Students Say “Yes, And…” to Winter Improv


On a Thursday afternoon, while athletes overcrowded the gym, the acting classroom buzzed with electricity and laughter tucked away behind double doors in Scott Hall.

Myka Plunkett, an actor with a background in comedy, was leading practice for a team that gets together every day after school, just like any other team. Except instead of training for a game or meet, they’re building towards an improv comedy performance.

Winter Improv, offered right now only as a winter option, is instructed by Plunkett, who was brought in specifically for the program. The participants, Trix Willems, Mazin Hussein, and Ha Phan, practice the art of improvisational comedy. The actors do not have prepared lines, settings, or even characters.

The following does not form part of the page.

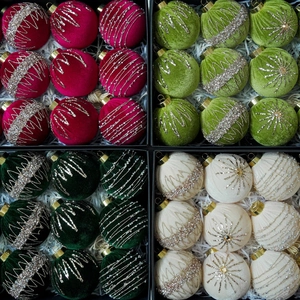 36-piece flocked velvet Christmas ornaments in red, green and cream with glitter patterns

They must consistently adapt to the situation, and try to make something funny out of it.

The students participating in this new program have a solid support system to help them make each other — and the audience — laugh.

Plunkett grew up in Oklahoma and attended University of Central Oklahoma, where she studied musical theater. After moving to the area in 2012, she’s worked with numerous groups and preformed in dozens of local productions, including “Uncle Vayna,” “Cat on a Hot Tin Roof,” “Annie Get Your Gun,” and “Macbeth.”

Mazin Hussein, a sophomore, loves the experience, especially having, “a comedian from outside” who comes to Williston only to teach them. Mazin called improv comedy his “passion.”

Trix Willems, a senior from Northampton, has acted in five shows at Williston. Tridx chose Winter Improv as his afternoon activity because it “allows [him] to “think in a really different way than my classes,” while still being, “relatively active.”

Not only is the experience allowing Trix to think outside the box, but he thrives in the team atmosphere.

“Honestly I think it’s really fun to be part of team for something like this,” said Trix. “We’re building off each other and trying to make something that’s interesting and fun. That’s kind of a fun exercise to have everyone be on the same team and doing their own thing simultaneously.”

The “nice group of people” in the program is one of the best parts of the experience,” Mazin said. The four participants are “very kind and supportive and all very different from each other,” yet they “still make it work.”

If anyone is looking for an afternoon activity, or wants to work with a professional comedian, winter improve would be happy to have you.

“There are only four people and we need more people, so…” Mazin laughed.

Trix understands how terrifying the idea of improv can be, but because of the community in Winter Improv, it’s “not as scary as you’d think it is.” The communal atmosphere, the shared laughs and groans from failed jokes, certainly eases the fear.

“It gets less scary when you actually know the people and when you’re all trying to do something good together,” Trix explained. “It’s nice to know that if you’re in a room and you’re trying lots of things, if one of them fails, one of them is going to be great, and that it’s okay that not everything is a roaring success.”